TASK INSTRUCTIONS:
Take each line below that has "Drive" and copy it.

PROVIDED INFORMATION:
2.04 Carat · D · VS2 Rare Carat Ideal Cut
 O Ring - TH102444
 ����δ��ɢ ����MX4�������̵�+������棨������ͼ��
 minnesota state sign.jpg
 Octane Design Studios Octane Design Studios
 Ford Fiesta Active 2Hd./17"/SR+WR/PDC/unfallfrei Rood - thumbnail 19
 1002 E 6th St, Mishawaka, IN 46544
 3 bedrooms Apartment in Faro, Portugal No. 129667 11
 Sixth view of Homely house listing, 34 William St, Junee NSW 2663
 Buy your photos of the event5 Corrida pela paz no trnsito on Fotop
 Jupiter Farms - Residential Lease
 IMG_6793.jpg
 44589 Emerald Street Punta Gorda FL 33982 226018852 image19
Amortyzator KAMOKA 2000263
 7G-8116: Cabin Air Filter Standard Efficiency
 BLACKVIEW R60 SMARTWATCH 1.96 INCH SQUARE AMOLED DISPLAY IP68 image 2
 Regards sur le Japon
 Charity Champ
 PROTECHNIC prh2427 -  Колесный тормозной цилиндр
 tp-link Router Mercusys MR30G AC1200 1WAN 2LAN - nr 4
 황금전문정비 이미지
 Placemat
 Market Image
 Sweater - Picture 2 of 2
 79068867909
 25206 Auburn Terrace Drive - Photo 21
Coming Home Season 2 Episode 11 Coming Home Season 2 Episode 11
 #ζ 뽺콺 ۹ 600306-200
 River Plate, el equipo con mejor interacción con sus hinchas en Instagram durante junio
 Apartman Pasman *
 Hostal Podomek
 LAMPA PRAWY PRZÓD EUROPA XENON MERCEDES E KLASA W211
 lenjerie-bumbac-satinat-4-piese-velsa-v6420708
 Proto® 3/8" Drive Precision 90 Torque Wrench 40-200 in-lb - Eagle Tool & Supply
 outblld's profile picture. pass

PROBLEM SOLUTION:
 25206 Auburn Terrace Drive - Photo 21
 Proto® 3/8" Drive Precision 90 Torque Wrench 40-200 in-lb - Eagle Tool & Supply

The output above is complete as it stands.